執筆された論文は、教祖みずから直接に説いたものである。しかし教祖自身は神の代行者としてこれを説くという、厳然たる姿勢でのぞんでいた。したがって、教えは神の言葉として特別な取り扱いをし、教祖自身それを「神書」 と呼んでいたのである。
たとえば、執筆用の机には、推敲に必要な物以外はけっして置かない。煙草盆やマッチなど、よく使う身近なものは、一段低い脇台の上に置いた。そして書き上がった原稿は、大切に専用の文箱に入れて保管したのである。
また原稿は完成をするまでに、何度も朱筆を入れて推敲(口絵カラー写真参照)するのを常とした。加筆して真っ赤になったものを係が清書し、元の原稿は粗末にならないようにと、必ず焼却することになっていた。その様子はちょうど、信者が教祖の書物を取り扱うのと同様であった。
教祖が、神人合一の境地において教えを説いたことを示す逸話はいろいろ伝えられているが、論文の口述ぶりもその一つである。
口述が始まるのは、たいてい夜もふけて、ほかの仕事がすべて終わり、奉仕者も寝静まった一二時過ぎからである。ひっそりと人の動きの絶えた中で、担当者を相手に、こんこんと清水がわき出るような、よどみない口述が深更<しんこう>の二時まで続けられる。時間を固く厳守する教祖は、たとえ口述中の論文が中途であっても、二時になると、
「あとは明日にしよう。」
と、即座に中止し、その続きは翌日の深夜一二時過ぎになってふたたび始められた。それも担当者が、前夜に口述した最後の一、二行を読むと、
「ああ、わかった。」
と言って、さっそく口述が始まるのであった。気を利<き>かせて幾分前の方から読んだりすると、
「そんな前から読まなくても、最後の一行か二行読めばわかる。時間がもったいないではないか。」
という注意を受けた。それはちょうど途中で止めてあるテープレコーダーのスイッチを入れると、すぐその続きが始まるのと同様の感があった。教祖の頭の中には、すでに論文ができあがっていて、それをただ言葉に出しているとしか考えられない、じつに鮮やかな口述ぶりであった。

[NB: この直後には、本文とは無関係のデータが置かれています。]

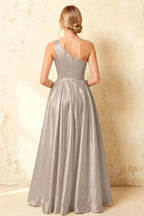 Jacqueline Silver Satin A-line One Shoulder Maxi Dress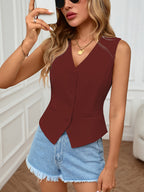 Jette | Cardigan Sleeveless Button-Front Vest for Women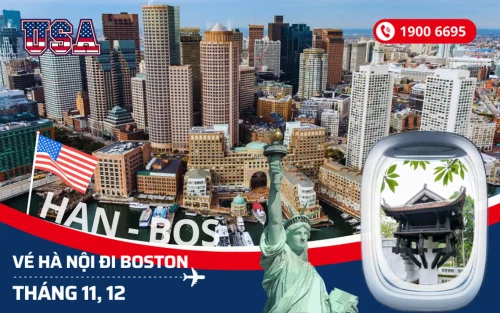 Giá vé máy bay Hà Nội đi Boston (BOS) Mỹ tháng 11, 12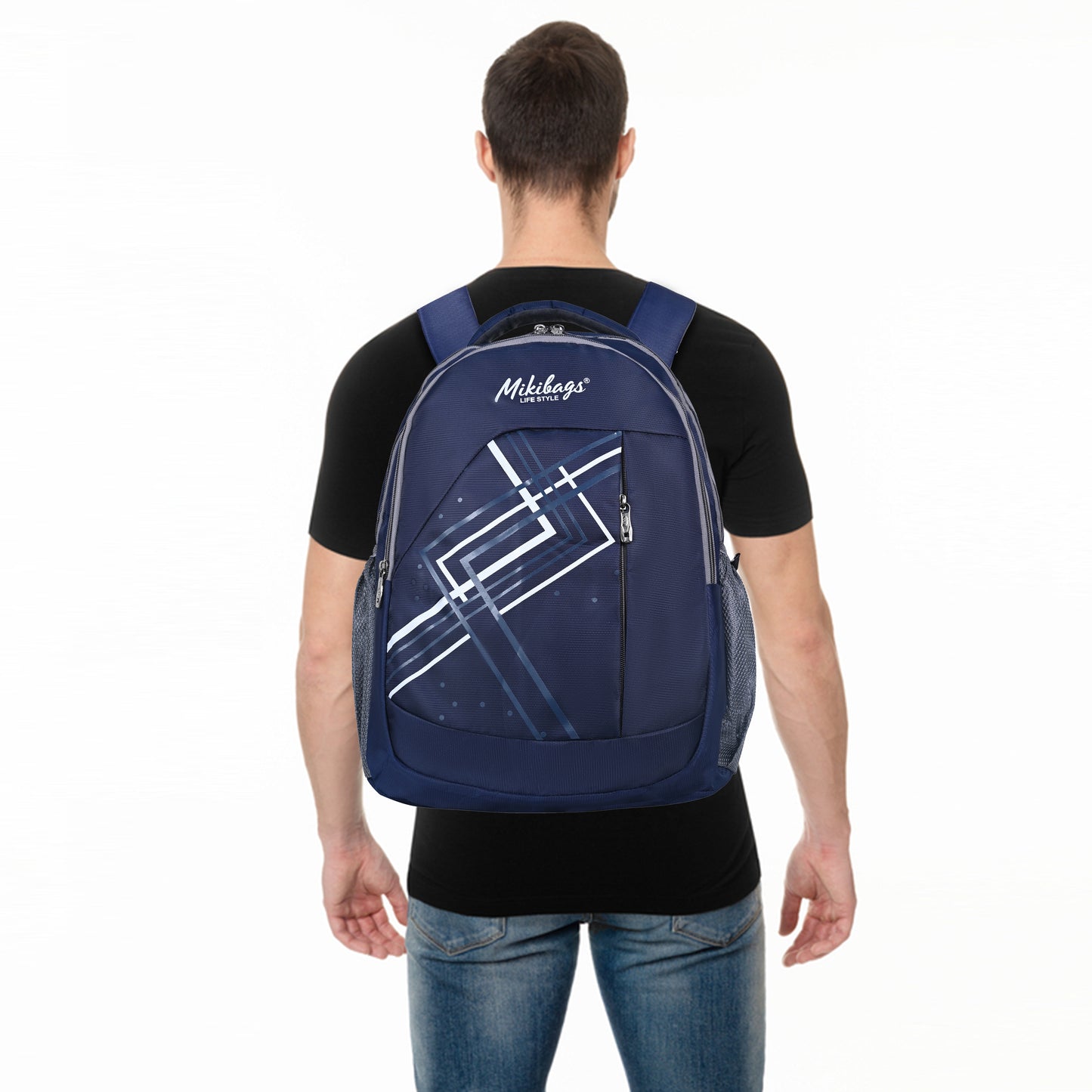 Mikibags Geometric Backpack – Tough Polyester Build, Trendy & Practical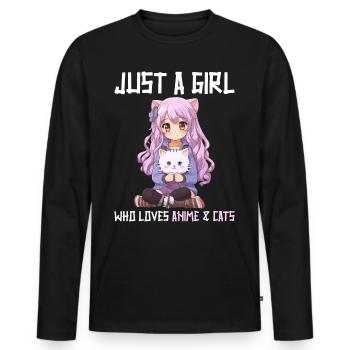 Kawaii Girl Anime Manga Fille et chat - T-shirt manches longues Premium bio Homme - noir - Devant - Nico (187cm)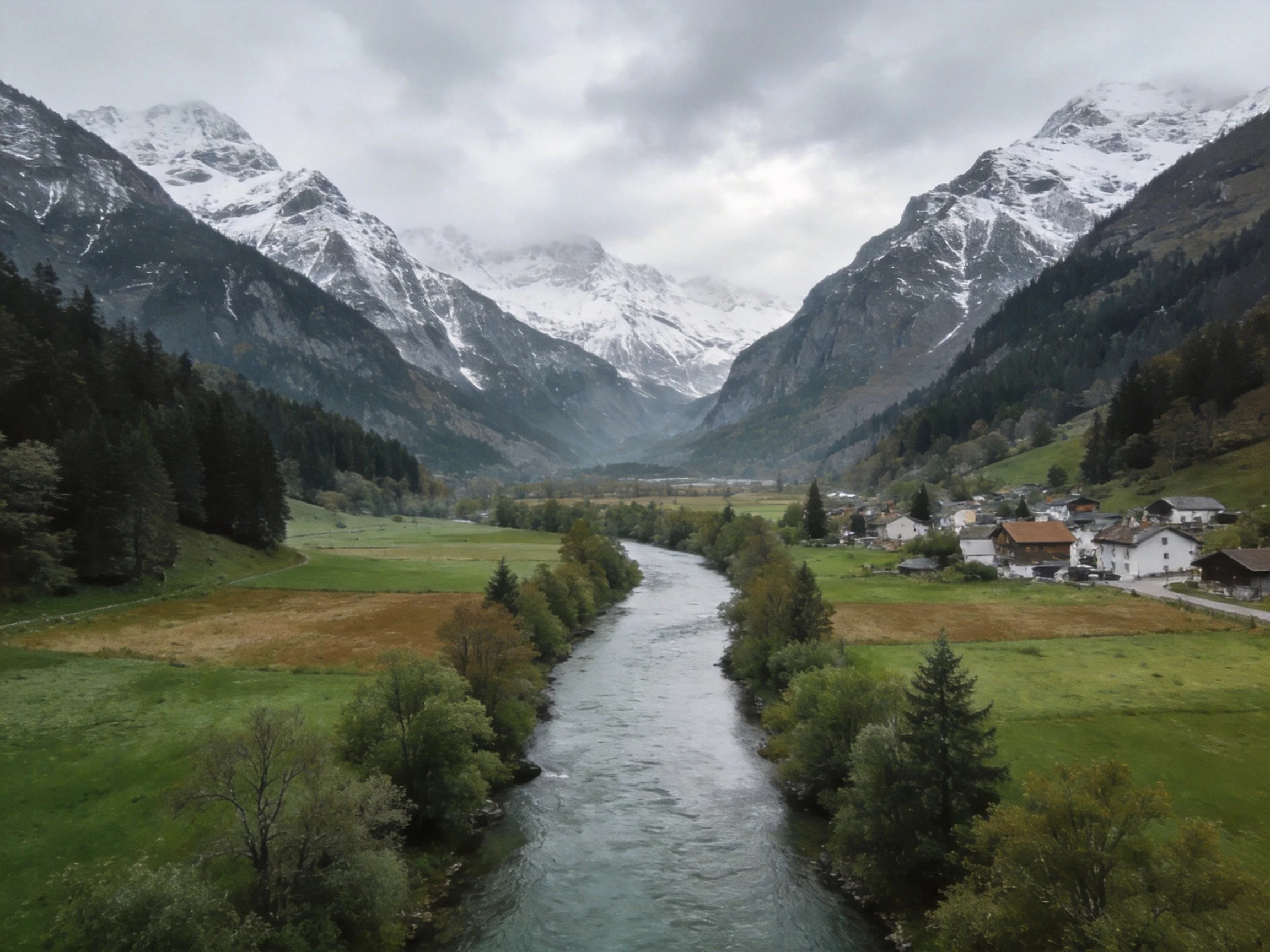 Snow-capped mountains frame a winding river through forested valleys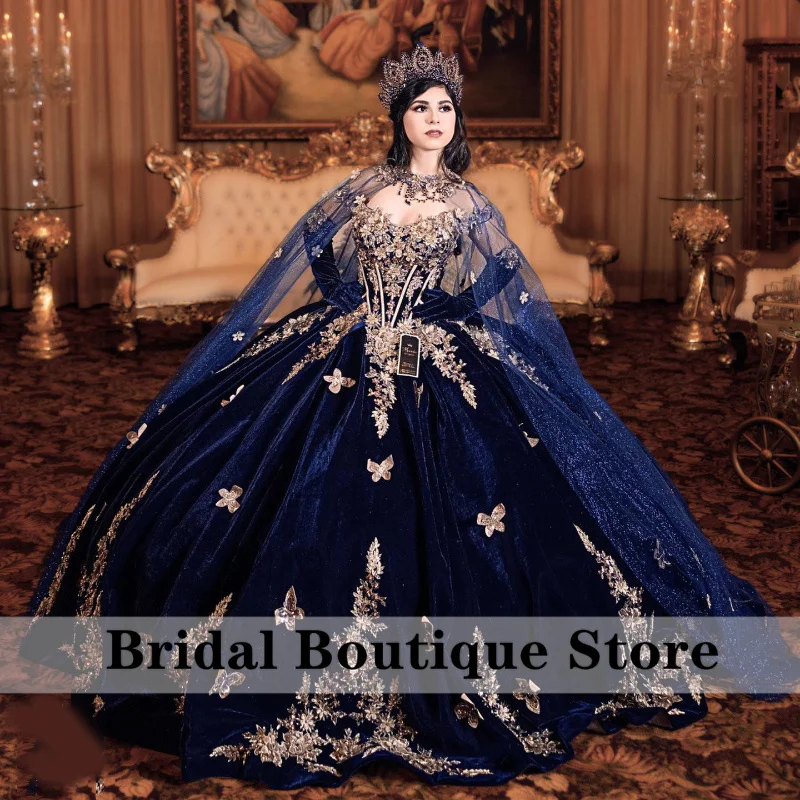 

Navy Blue Quinceanera Dress With Cape Two Gloves Sweet 16 Dress Butterfly Appliques Crystals Vestidos De 15 Años Ball Gown
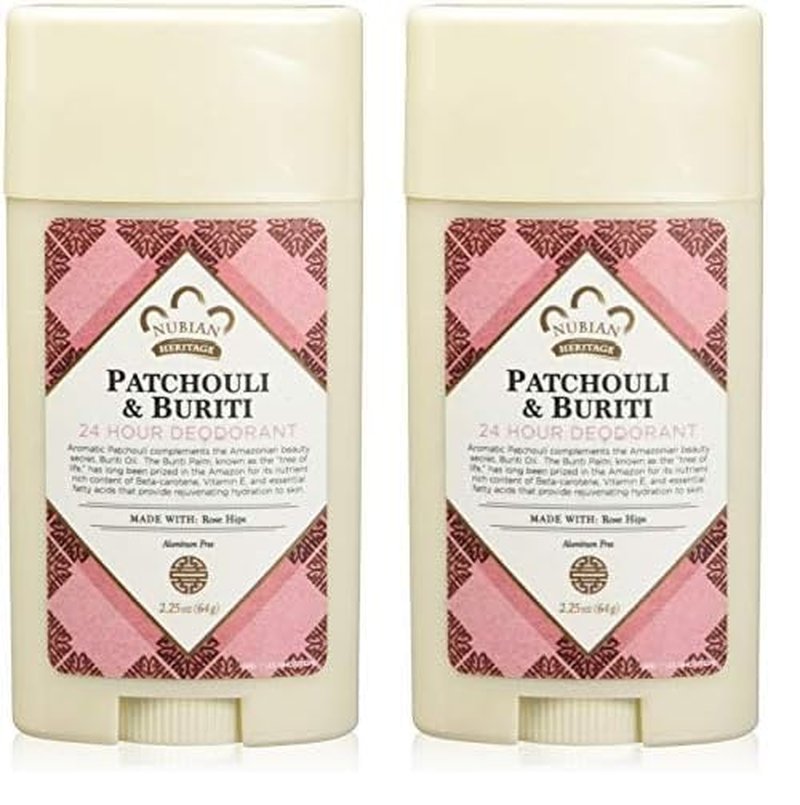 Nubian Heritage Patchouli & Buriti 24 Hour Deodorant Stick, 2.25 Ounce (Pack of 2)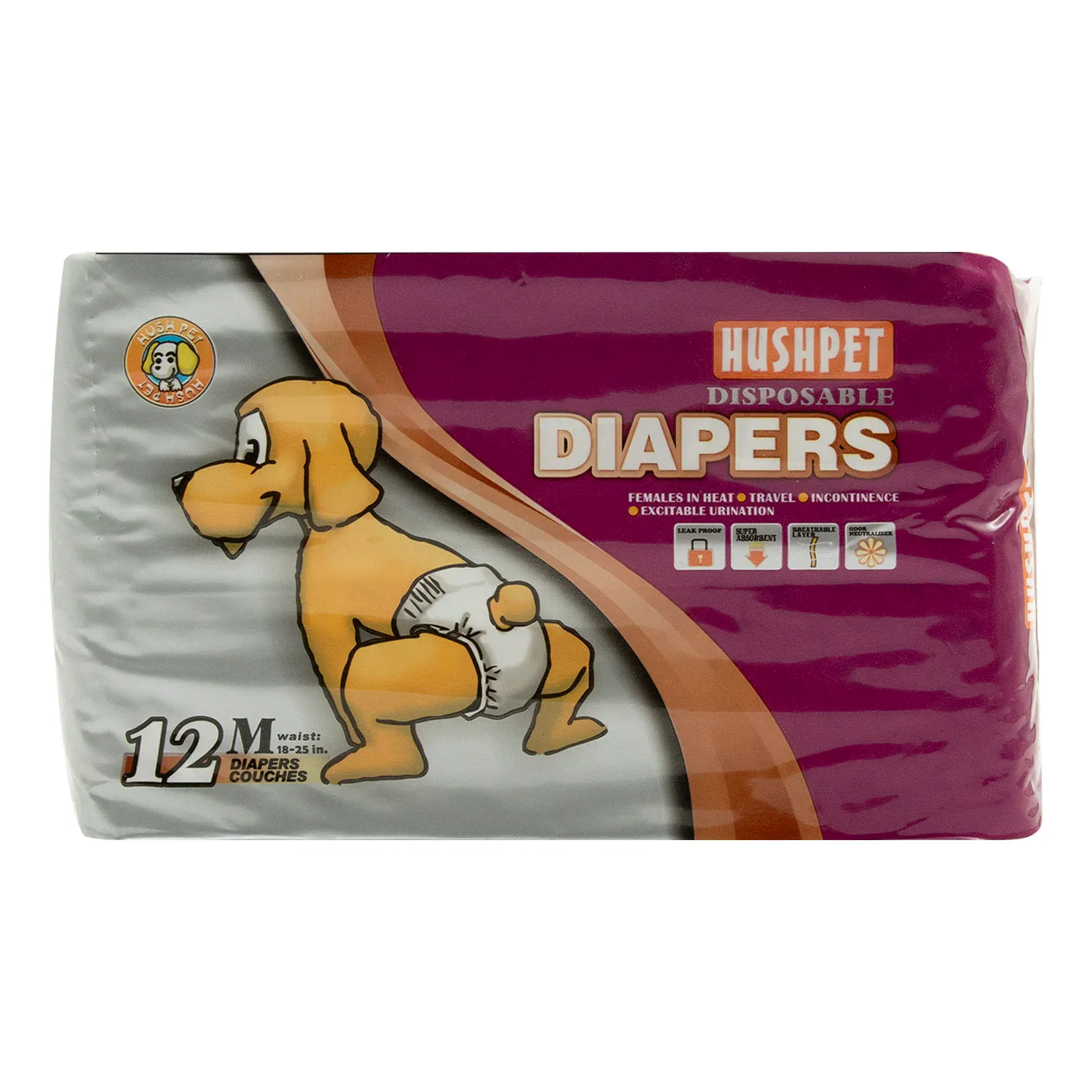 Pañales Super Absorbente Talla M Para Mascotas Hushpet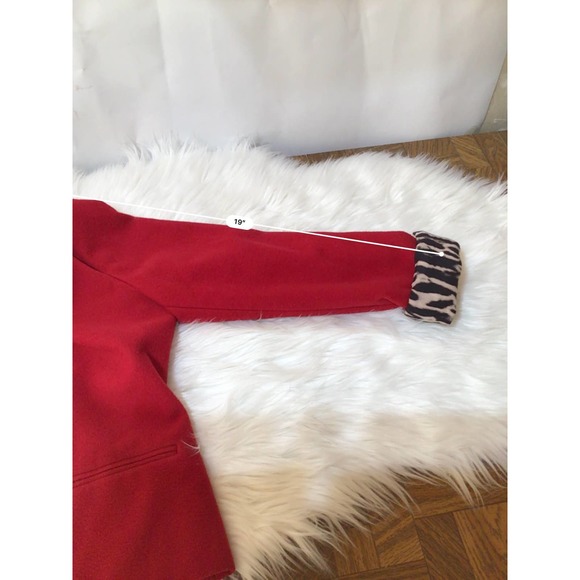 Chico’s Everyday solid Ponte Jacket red with leopard print women’s small - Picture 7 of 9
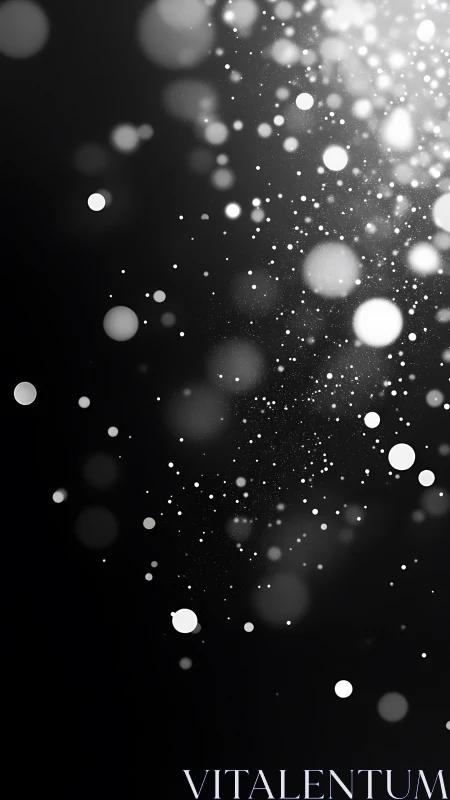 Monochrome bokeh particle field on dark gradient background.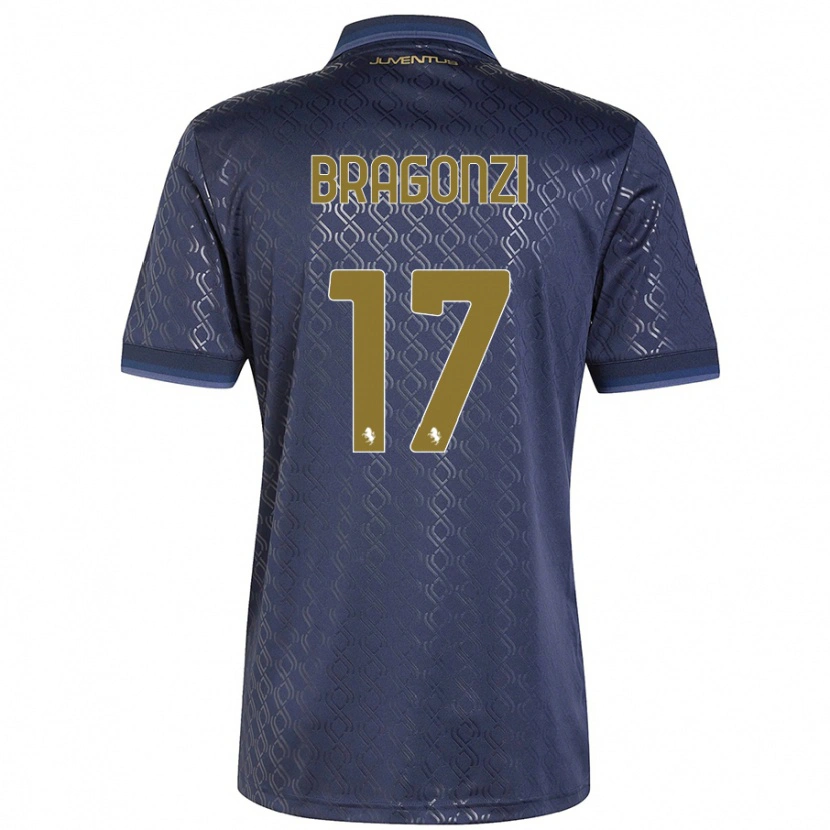 Danxen Femme Maillot Asia Bragonzi #17 Bleu Marine Troisieme 2024/25 T-Shirt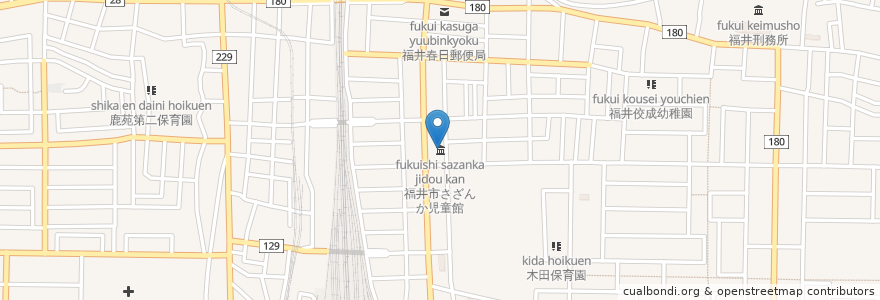 Mapa de ubicacion de 福井市さざんか児童館 en Japão, 福井県, 福井市.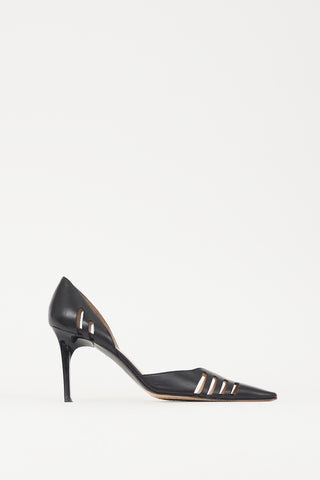 Armani Black Leather Cutout Heel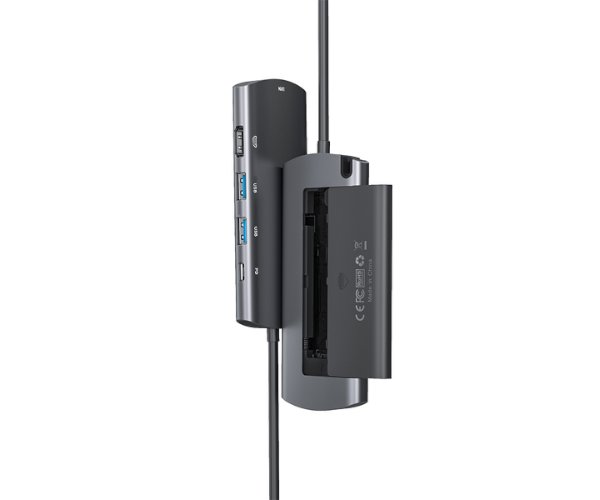 תחנת עגינה דוקיננג מיני מולטיפורט למחשב Netac WH41 TYPE-C USB-A HDMI RJ45 1XM.2 SLOT PD 3.0 NT07WH41-32C0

教祖は多い時には、一時間に四〇〇字詰め原稿用紙一二、三枚の口述をしたので、論文はどんどんたまる一方であった。ある時、
「原稿が余ってしようがないから、『栄光』紙の枠を広げて、できるだけ多く活字の組めるようにしなさい。」
とのことで、できるだけ教祖の論文を載せるようにしたのであった。
教祖が原稿を書いたのは、教団の機関紙に限らない。社会の注目を集める存在であったから、宗教関係の新聞や外部の雑誌などから原稿の依頼があった。そういう場合、枚数やテーマまで細かく注文してくることもあったが、
「ああ、そうか、じやあ書こう。」
と、いとも気軽に承諾し、いかにも楽しそうに口述を始めるのであった。
教祖は、昔から宗教の教えには、とかく難解なものが多く、それが分派の生まれる原因ともなり、大衆を十分に救いえないもとともなってきたと説いている。そこでみずから口述するにあたって、もっとも心を砕いたのが、老若男女を問わず、どのような教養、身分、年齢の人が読んでも理解できるような、わかりやすいものにするということであった。 したがって、どの論文も口述したものを清書したままにとどめるというのではなかった。どのように表現すれば一番わかりやすくなるかと、何度も自分で推敲して訂正や加筆を繰り返したのである。多い時には二〇回以上も清書しては朱筆を入れ、また書き直すというように推敲を重ねた。そしてさらにあがった原稿を担当の山本慶一に読ませ、
「こういう表現で信者は意味がわかるだろうか。おまえはどうだ。」
と言って、批判を求めることもあった。